Mbah Hasan memiliki keturunan antara lain Mbah Haji Idris (1792-1875) dan Mbah Haji Ja’far (1822-1899). Dari Mbah Haji Ja’far yang beristrikan ndoro Masayu lahir delapan anak, empat laki-laki dan empat perempuan, yaitu: 

  • Mbah Kyai Haji Abu Bakar (1849-1922) tinggal di Karangkajen
  • Mbah Nyai Haji Nur (1853-1920) tinggal di Kauman
  • Mbah Kyai Haji Saleh (1855-1917) tinggal di Karangkajen
  • Mbah Kyai Haji Ketib Wetan (1858-1927) tinggal di Kauman
  • Mbah Kyai Haji Abdul Majid (1862-1931) tinggal di Kauman
  • Mbah Nyai Haji Umar (1865-1939) tinggal di Karangkajen
  • Mbah Nyai Haji Ageng (1869-1943) tinggal di Kauman
  • Mbah Nyai Haji Abdul Hadi (1874-1949) tinggal di Karangkajen

Dengan melihat data diatas jelas bahwa antara Karangkajen dan Kauman memiliki ikatan patrimonial - emosional, tidaklah mengherankan kalau sebagian warga Kauman yang telah meninggal dimakamkan di Karangkajen, termasuk pendiri Muhammadiyah dan para petinggi organisasi tersebut seperti KHA Dahlan (1923), Ketua PP Muhammadiyah KH Ibrahim, KH Hisyam (Eyang Mas Hadinegoro) dan seterusnya KH Badawi, KH Yunus Anis, KH AR Fakhrudin, KH Ahmad Azhar, serta HM Djazman Wardan Diponingrat, dll.

Dengan demikian, Mbah Hasan adalah perintis yang babat alas, membuka hutan di “mancanegara” menjadi pemukiman perkampungan yang memiliki fasilitas tempat peribadatan (Masjid) dan kuburan.

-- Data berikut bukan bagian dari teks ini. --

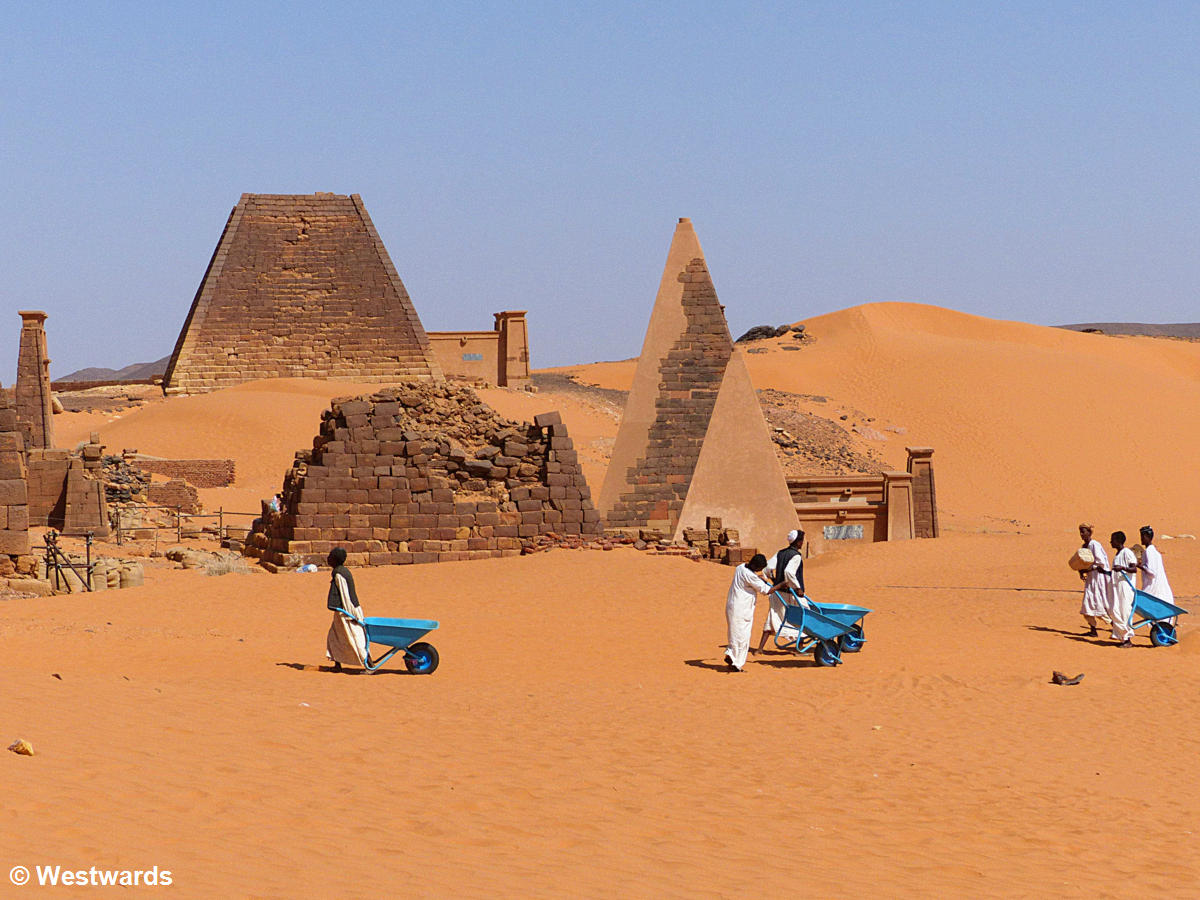 workers at the Meroe Pyramids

Pada perkembangannya pemukiman tersebut dikenal dengan nama Karangkajen, kampung yang memiliki banyak kaji sehingga diajeni. Masyarakat Karangkajen yang saaleh dengan demikian adalah kumpulan anak keturunan Mbah Hasan yang beragama Islam termasuk mukimin-mukimin yang telah bertahun-tahun menempati tempat itu, hidup dan berkehidupan atas dasar nilai-nilai dan norma-norma sebagaimana dituntunkan Rasulullah SAW. 

Identitas Karangkajen

Sementara ada pihak yang mengatakan, Karangkajen adalah “Madinah”-nya Yogyakarta. Satu predikat yang sangat berat membebani. Namun di lain pihak, orang menyebut Karangkajen sebagai Kampung Santri, wallahu a’lam.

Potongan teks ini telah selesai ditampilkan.